We (the West Island Modular Railroad Club, www.wimrc.ca ) have concluded that trying to trouble-shoot problems with our DCC system with only a conventional Sperry Multi-meter is like trying to wallpaper with only one arm, or worse. We’re looking into what relatively inexpensive means are readily available that will allow us to measure voltage and signal characteristics at various points on the layout under different operating conditions eg. number of loco’s, sound/no sound, consists, number of throttles etc.
Any recommendations and suggestions would be appreciated.
You could use a bridge rectifier to measure the voltage. You can also use a decoder, and measure the function output voltage and add a couple of diode drops to calculate the voltage.
I don’t know of any handy way to look at ‘signal characteristics’ without a scope. You could verify that things on the rails are good by wiring up a decoder in a test box with LED indicators on the functions and the motor output (or put a meter or a motor on that) and using it to verify that commands get to the decoder (just as if it was a loco).
Signal characteristics is way out of my field, so I have no suggestions. But, Tony’s Rampmeter, as suggested, gets high marks.
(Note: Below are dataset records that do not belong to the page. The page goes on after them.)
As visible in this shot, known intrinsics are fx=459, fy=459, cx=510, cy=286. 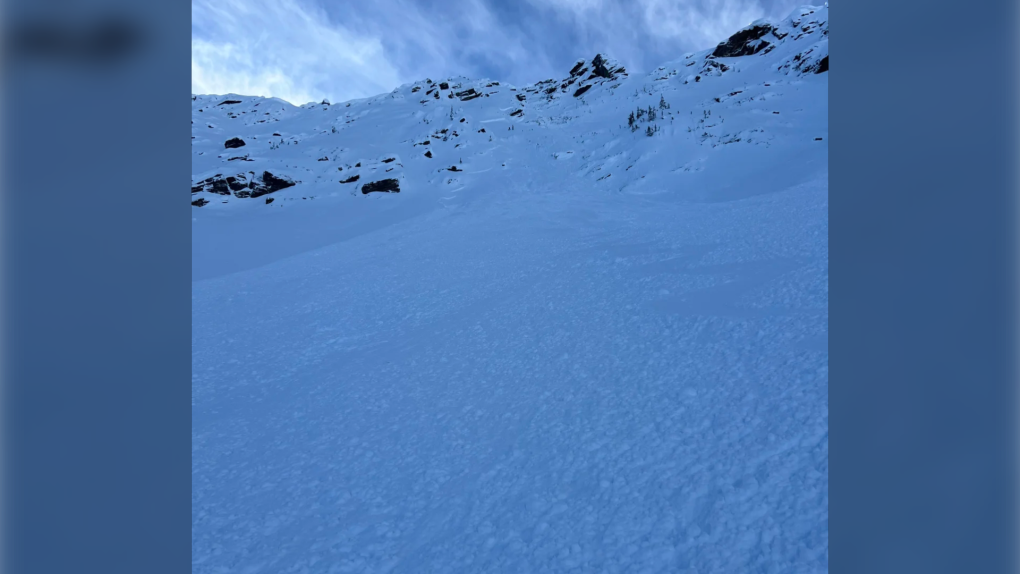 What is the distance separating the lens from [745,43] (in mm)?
19828

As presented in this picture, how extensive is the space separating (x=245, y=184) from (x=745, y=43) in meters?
20.4

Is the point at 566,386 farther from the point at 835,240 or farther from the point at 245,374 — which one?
the point at 245,374

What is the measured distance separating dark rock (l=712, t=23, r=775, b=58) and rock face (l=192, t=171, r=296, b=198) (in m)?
18.5

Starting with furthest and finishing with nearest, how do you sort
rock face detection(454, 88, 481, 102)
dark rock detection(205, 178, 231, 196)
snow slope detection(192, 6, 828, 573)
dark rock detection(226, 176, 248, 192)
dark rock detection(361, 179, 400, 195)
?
1. rock face detection(454, 88, 481, 102)
2. dark rock detection(226, 176, 248, 192)
3. dark rock detection(205, 178, 231, 196)
4. dark rock detection(361, 179, 400, 195)
5. snow slope detection(192, 6, 828, 573)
One advantage is that it can be placed against the rails anwhere, hand held, with the end-board contacts touching the railtops to get a local and instantaneous reading…pretty spiffy, don’t you think?
I seem to get a fairly close reading to my track voltage from a digital multimeter set to the 20 volt range and ac current. I get readings in the 15.7 volt range, which should be what my DB 150 is putting out to the tracks, plus or minus 0.5 volts.
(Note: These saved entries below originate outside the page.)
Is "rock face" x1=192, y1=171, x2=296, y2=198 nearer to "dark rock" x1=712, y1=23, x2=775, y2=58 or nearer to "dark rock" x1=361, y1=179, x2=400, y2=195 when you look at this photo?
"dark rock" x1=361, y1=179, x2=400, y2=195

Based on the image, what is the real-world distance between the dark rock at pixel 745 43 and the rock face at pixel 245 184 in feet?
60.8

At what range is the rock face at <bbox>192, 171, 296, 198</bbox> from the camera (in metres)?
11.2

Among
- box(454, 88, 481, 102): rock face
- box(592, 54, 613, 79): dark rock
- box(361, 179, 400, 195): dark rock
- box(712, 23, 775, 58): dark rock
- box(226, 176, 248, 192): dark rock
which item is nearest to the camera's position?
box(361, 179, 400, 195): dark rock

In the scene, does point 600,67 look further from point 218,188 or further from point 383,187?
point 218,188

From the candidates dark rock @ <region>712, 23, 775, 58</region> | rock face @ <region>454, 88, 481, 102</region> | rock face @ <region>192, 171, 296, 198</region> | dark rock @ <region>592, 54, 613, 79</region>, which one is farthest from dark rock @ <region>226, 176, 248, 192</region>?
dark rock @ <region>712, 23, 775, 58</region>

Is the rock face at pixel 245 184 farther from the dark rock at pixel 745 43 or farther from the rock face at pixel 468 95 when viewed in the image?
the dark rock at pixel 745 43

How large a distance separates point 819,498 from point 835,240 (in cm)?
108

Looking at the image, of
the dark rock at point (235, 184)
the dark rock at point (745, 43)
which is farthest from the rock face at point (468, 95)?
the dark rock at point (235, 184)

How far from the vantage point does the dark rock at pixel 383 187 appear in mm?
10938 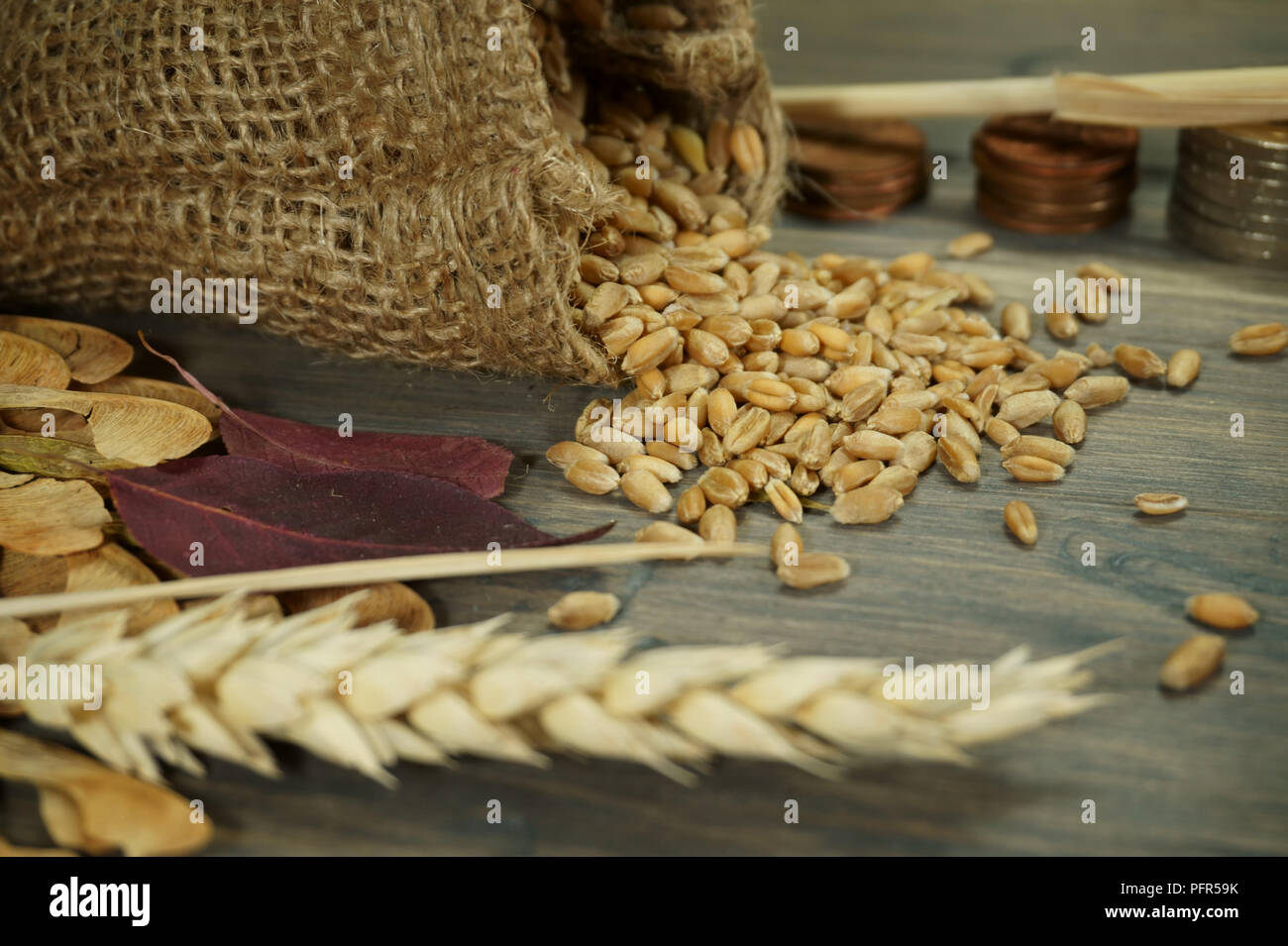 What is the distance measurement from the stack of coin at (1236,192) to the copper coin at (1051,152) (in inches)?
2.8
Voltage and amperage are fairly easy, but wow, the only thing I know of to measure the actual signal characteristics is an ocilloscope. They aren’t inexpensive. There might be some computer programs that could tap in and display out the various settings the DCC system is sending out.
The other thing I’d say about signal characteristics is, what do you want to see? And what are you going to do about it? The problems you are most likely having to deal with are going to be shorts and opens. A vanilla meter will be all you need to track those down. The RRAmpmeter will tell you when you are drawing too much current and taxing a booster (which probably leads to bad signals). It isn’t like you are going to be adjusting the DCC signal. For a digital signal, DCC is pretty slow, and huge. So if your trains respond, it is probably good. If you have response time issues, you’ll want to make sure you don’t have a DC loco using address 0 running (zero stretching takes time), otherwise, it is probably dirty track, or possibly issues on the throttle bus side, though that ‘shouldn’t’ be.
You could get an I/O card in a PC, and esssentially build a special purpose scope, but you are talking about a bit of software, and think getting out of the range you were thinking about. Especially since I don’t know what it would really buy you.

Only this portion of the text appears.